### DATA SUPPLIED ###

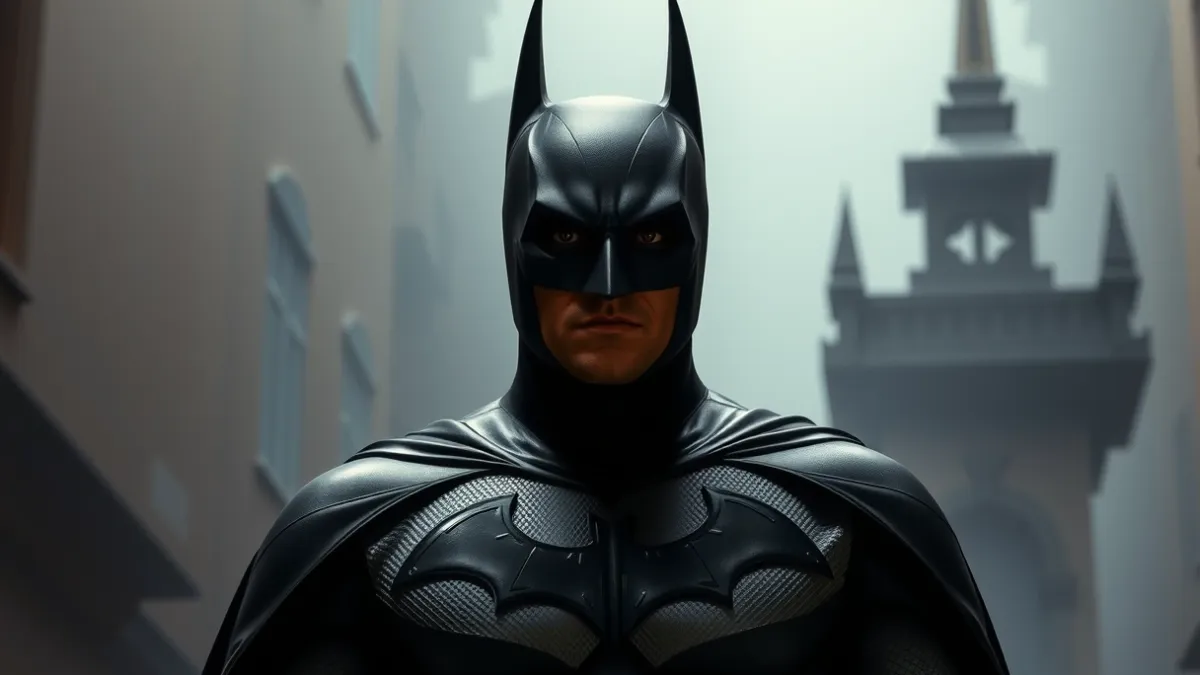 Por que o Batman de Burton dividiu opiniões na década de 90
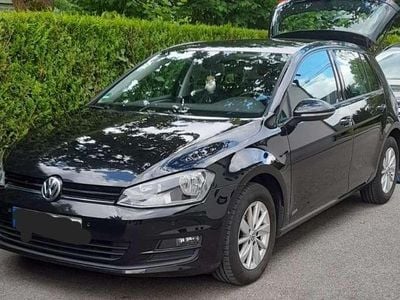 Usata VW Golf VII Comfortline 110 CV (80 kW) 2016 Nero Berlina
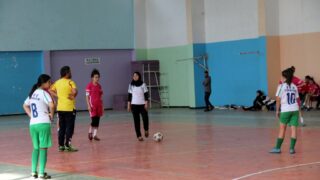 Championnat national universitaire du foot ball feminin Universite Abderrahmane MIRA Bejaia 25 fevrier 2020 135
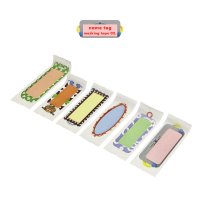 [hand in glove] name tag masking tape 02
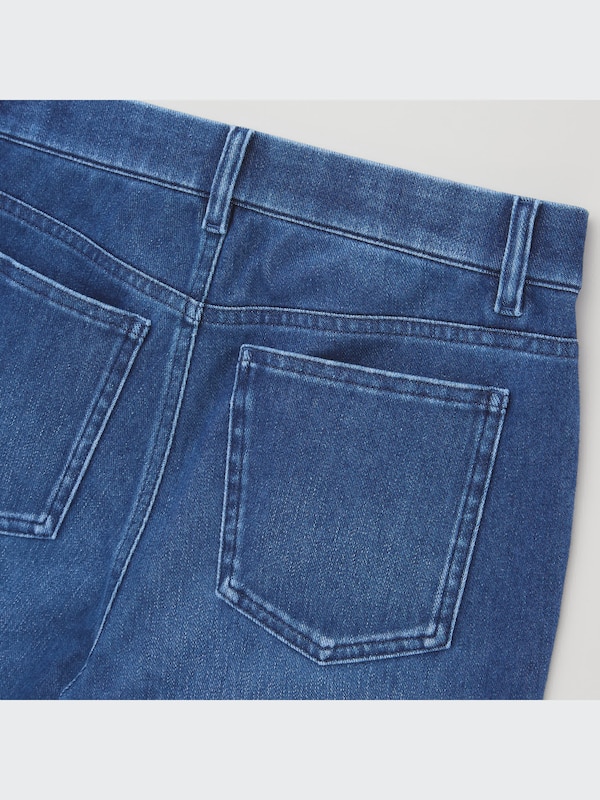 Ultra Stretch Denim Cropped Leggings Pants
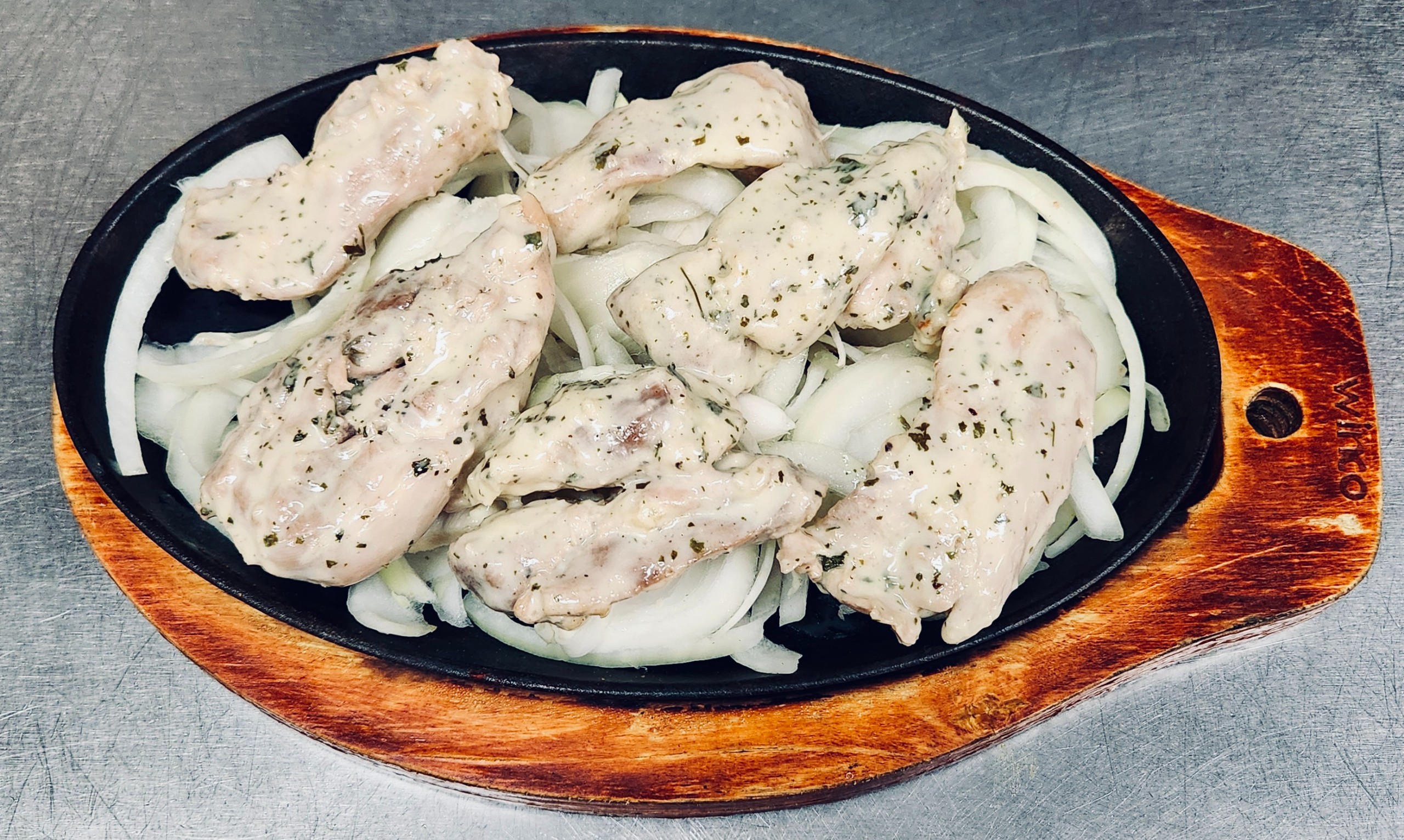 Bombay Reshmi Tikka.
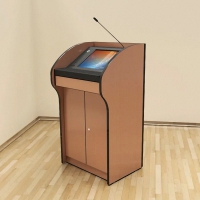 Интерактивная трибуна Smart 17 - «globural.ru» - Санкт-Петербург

###

Set all of the records down once more, letter for letter, with the images removed.

- ANSWER SPACE -
 Por que o Batman de Burton dividiu opiniões na década de 90
 Usata VW Golf VII Comfortline 110 CV (80 kW) 2016 Nero Berlina
 Championnat national universitaire du foot ball feminin Universite Abderrahmane MIRA Bejaia 25 fevrier 2020 135
 [hand in glove] name tag masking tape 02
 Ultra Stretch Denim Cropped Leggings Pants
 Bombay Reshmi Tikka.
 Интерактивная трибуна Smart 17 - «globural.ru» - Санкт-Петербург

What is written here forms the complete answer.